> **Records from a data collection**
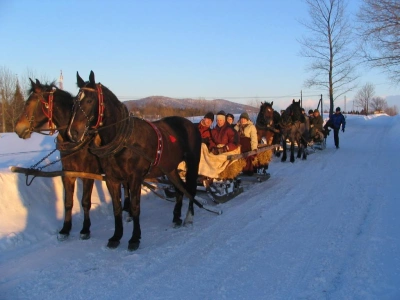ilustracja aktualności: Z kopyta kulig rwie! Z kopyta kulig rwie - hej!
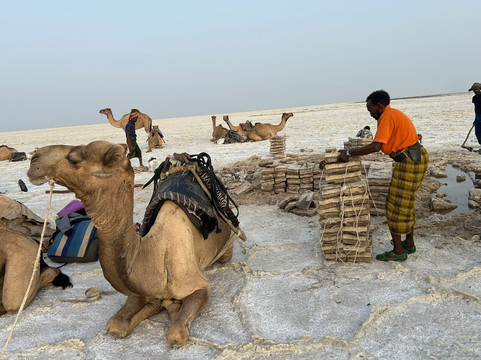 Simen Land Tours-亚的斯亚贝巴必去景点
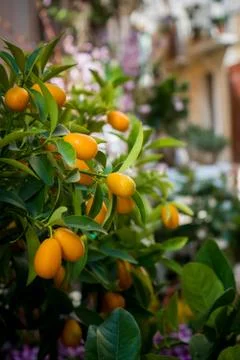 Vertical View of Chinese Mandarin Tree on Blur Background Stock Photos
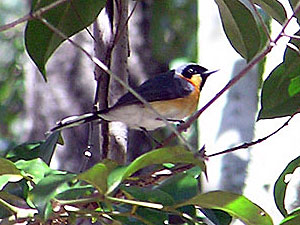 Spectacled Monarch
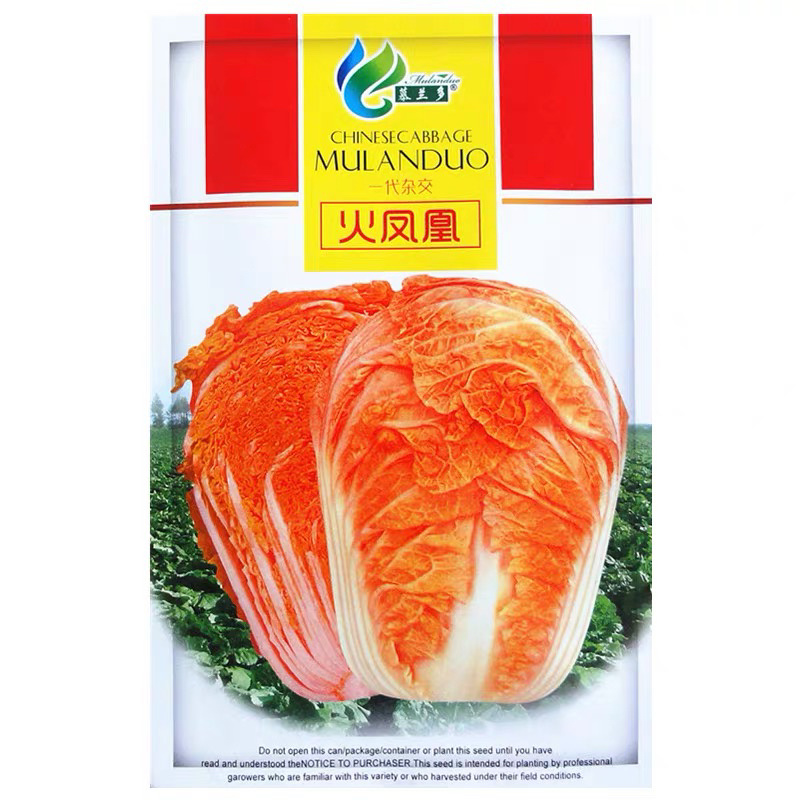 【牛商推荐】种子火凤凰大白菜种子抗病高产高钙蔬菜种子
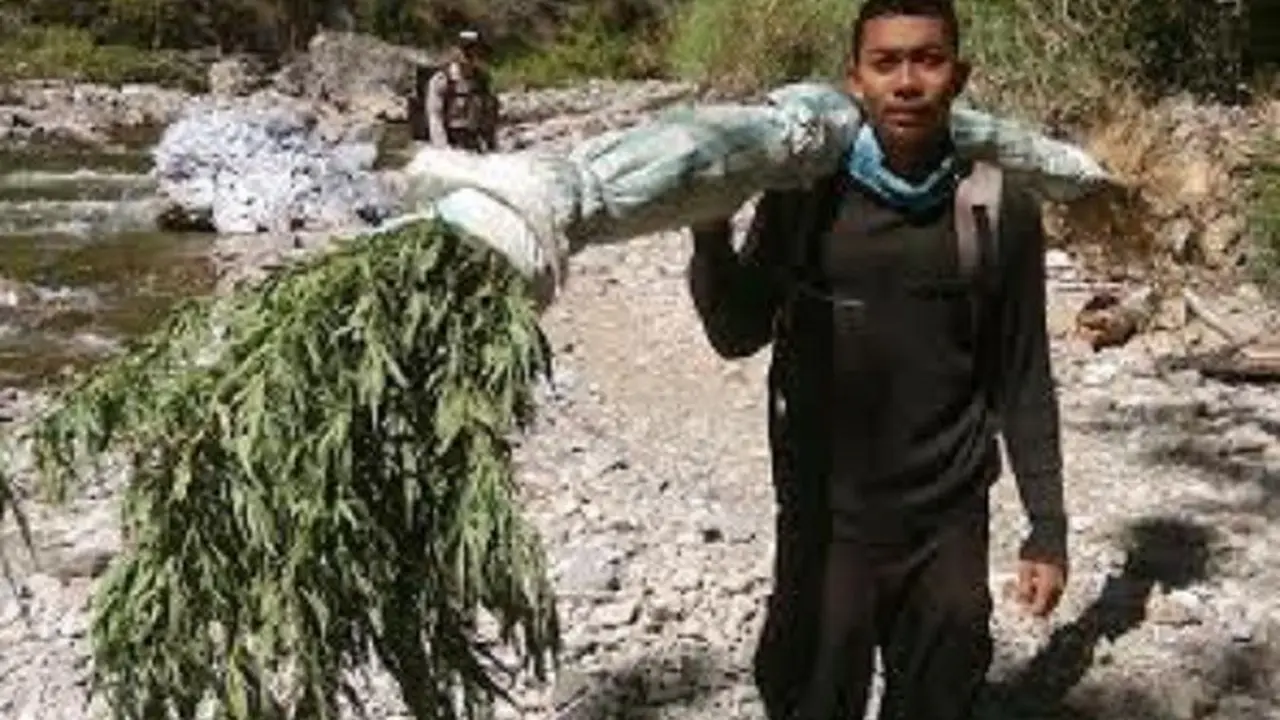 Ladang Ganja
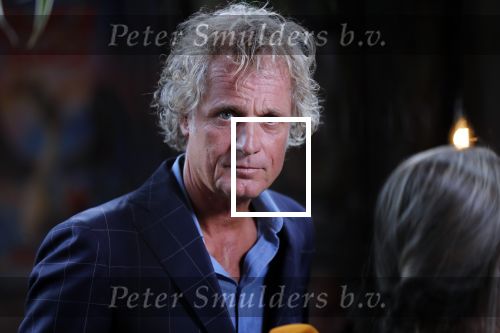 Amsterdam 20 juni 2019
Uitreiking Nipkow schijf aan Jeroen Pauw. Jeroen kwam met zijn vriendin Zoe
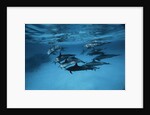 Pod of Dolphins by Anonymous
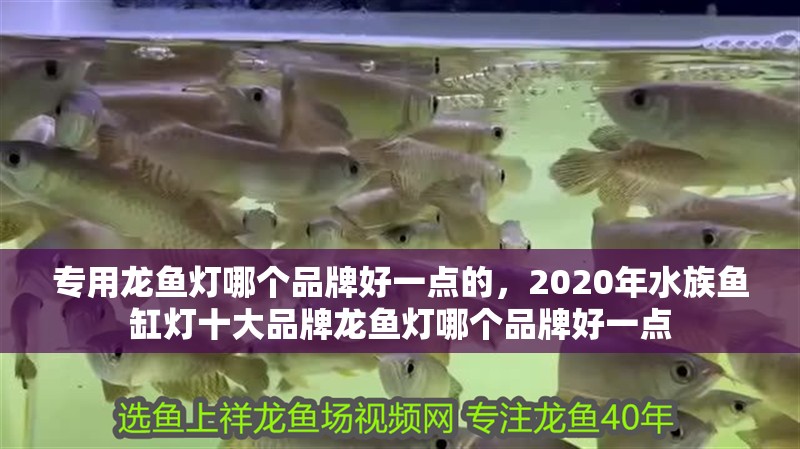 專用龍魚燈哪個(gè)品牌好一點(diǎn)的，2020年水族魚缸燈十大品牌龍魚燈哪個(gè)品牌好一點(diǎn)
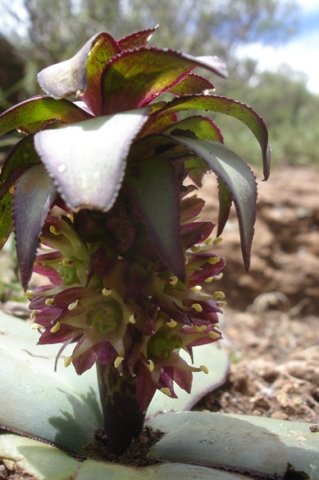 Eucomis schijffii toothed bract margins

==

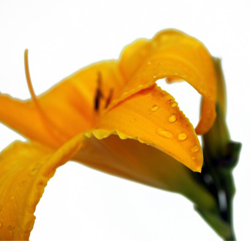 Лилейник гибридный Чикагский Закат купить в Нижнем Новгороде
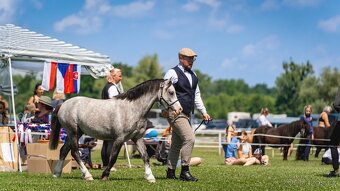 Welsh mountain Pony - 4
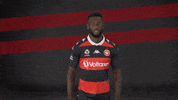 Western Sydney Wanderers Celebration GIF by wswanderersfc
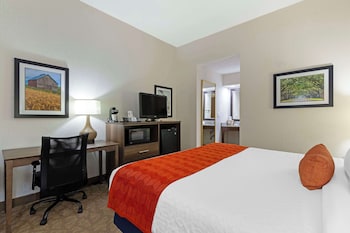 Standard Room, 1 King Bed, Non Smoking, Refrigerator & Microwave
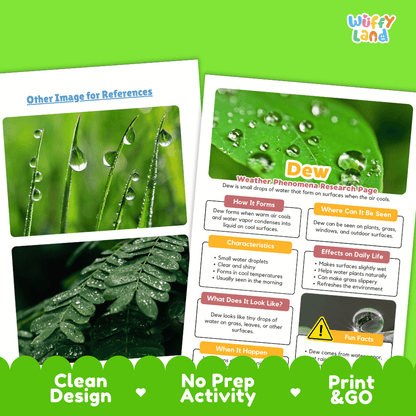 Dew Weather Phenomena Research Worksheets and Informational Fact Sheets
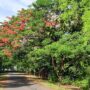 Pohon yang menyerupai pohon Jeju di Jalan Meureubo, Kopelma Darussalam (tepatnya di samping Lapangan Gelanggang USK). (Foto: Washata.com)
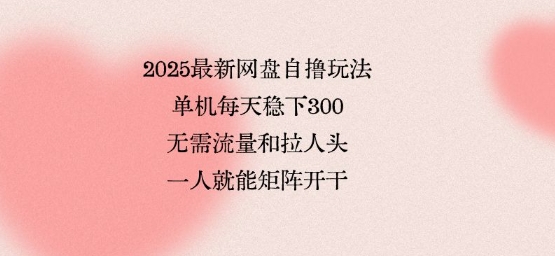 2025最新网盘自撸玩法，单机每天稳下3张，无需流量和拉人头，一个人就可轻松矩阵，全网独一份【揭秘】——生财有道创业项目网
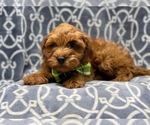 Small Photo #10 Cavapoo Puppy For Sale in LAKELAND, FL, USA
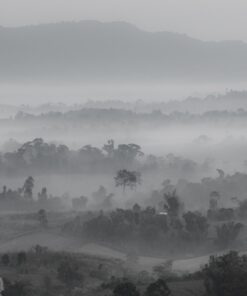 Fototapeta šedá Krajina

> **TASK**
When you reach the line with "Ladang Ganja" in the records above, start writing out each line exactly, and stop after the line with "Eucomis schijffii toothed bract margins". Pictures stay out.

> **WRITTEN RESPONSE**
 Ladang Ganja
 Amsterdam 20 juni 2019
Uitreiking Nipkow schijf aan Jeroen Pauw. Jeroen kwam met zijn vriendin Zoe
 Pod of Dolphins by Anonymous
 專用龍魚燈哪個(gè)品牌好一點(diǎn)的，2020年水族魚缸燈十大品牌龍魚燈哪個(gè)品牌好一點(diǎn)
 Eucomis schijffii toothed bract margins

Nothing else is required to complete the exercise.